En 2015, la présidente de France Télévisions Delphine Ernotte présentait le projet initial comme « une chaîne de la compréhension » misant sur « une exigence de haute qualité de l’information ». En 2017, selon Le Monde, « le patron de l’info estime que la chaîne doit miser davantage sur les événements et le “breaking news”, alors que sa ligne d’origine était davantage le recul et la pédagogie. » Une chaîne de plus à débiter des « alertes infos » creuses et pas toujours vérifiées mais qui ont l’énorme avantage de permettre de débiter des kilomètres de commentaires ?
- Le projet Le Média est lancé - Le mouvement La France Insoumise en parlait depuis des mois : un « nouveau média citoyen » sera bientôt lancé et ne sera pas « son média ». Aujourd’hui, Le média – c’est son nom – est maintenant sur les rails. Tel que présenté par ses initiateurs dans une tribune publiée dans Le Monde, le projet est de créer « un nouveau média fondamentalement alternatif par sa gouvernance, son modèle économique et son fonctionnement. » Acrimed était invitée à la soirée de lancement de ce nouveau média. Nous y avons bien sûr précisé que notre association est « indépendante de tous les médias », y compris donc du Média et que nous « jugerons sur pièces ». Le Média émettra sa première émission le 15 janvier 2018 sur son site Internet : lemediatv.fr
- Vers une purge éditoriale au Figaro ? - À la rédaction du Figaro, l’heure est au « macronisme » triomphant. C’est du moins la conclusion de Mediapart, qui a commenté début octobre l’éviction du chroniqueur Yves de Kerdrel. Ce dernier, qui est par ailleurs le directeur de la rédaction de l’hebdomadaire d’extrême droite Valeurs actuelles, a été mis à la porte suite à la publication d’une chronique critique vis-à-vis du président Emmanuel Macron. D’après Mediapart, il ne serait pas le seul « à agacer la direction de la rédaction. Un autre chroniqueur, Ivan Rioufol, proche de la droite radicale et islamophobe déclaré, vit lui aussi des jours incertains. Il est périodiquement convoqué par la direction de la rédaction, qui lui suggère d’atténuer ses critiques contre Emmanuel Macron, ce qu’il refuse systématiquement de faire. Beaucoup supputent au Figaro qu’il serait également menacé s’il refusait de rentrer dans le rang. » Depuis 2004 et son rachat par le milliardaire et sénateur (Les Républicains) Serge Dassault, Le Figaro n’a cessé de servir les intérêts de son propriétaire [2]. Pour Mediapart, ce changement soudain de stratégie éditoriale serait dû à une autre règle tacite : ne « rien faire qui puisse contrevenir aux intérêts du groupe Dassault dans la vie des affaires. Or le groupe dépend très largement de la commande publique. Dans le cas des avions Rafale, le rôle du chef de l’État, aujourd’hui comme hier, est décisif : s’il accepte de se comporter à l’étranger en VRP de l’avion de combat du groupe, on peut en espérer de juteuses retombées ; dans le cas contraire, le groupe est en péril. » Une affaire à suivre...

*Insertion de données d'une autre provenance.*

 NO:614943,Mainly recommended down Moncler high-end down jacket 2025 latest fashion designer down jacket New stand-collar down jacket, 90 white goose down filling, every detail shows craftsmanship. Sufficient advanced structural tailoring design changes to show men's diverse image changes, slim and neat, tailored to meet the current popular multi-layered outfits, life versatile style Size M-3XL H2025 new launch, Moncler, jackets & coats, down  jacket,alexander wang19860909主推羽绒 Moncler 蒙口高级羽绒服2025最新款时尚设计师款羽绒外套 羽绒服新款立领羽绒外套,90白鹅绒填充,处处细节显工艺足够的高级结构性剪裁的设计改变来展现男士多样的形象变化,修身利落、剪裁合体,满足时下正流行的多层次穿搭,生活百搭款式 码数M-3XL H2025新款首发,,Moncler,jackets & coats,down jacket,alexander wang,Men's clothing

- Mondadori France, Géo magazine… les conditions de travail en question - Suite à une demande de son comité d’hygiène, de sécurité et des conditions de travail, le cabinet Actysens a mené une étude sur le groupe Mondadori France. Propriété du milliardaire italien Silvio Berlusconi, et éditeur, notamment, des magazines Closer, Grazia, Télé star et Science & vie, Mondadori France multiplie depuis des années les plans de départ volontaires et les atteintes aux conditions de travail. D’après Le Canard enchaîné du 11 octobre, les résultats de l’étude sont accablants pour Mondadori : « Nous avons été choqués, pendant les entretiens, par les nombreuses références, en particulier, aux actes ou aux pensées violentes : idées suicidaires, référence à des violences verbales (insultes, cris au poste de travail) et à des pulsions agressives dirigées envers d’autres salariés (...). » Un journaliste déclare : « On nous demande d’écrire comme si on fabriquait des yaourts. » Depuis, d’après CBNews, une assemblée générale des salariés a adopté à l’unanimité deux motions de protestation devant l’attitude de la direction du groupe, et demandant des « propositions sérieuses » quant à l’évolution de leur convention collective.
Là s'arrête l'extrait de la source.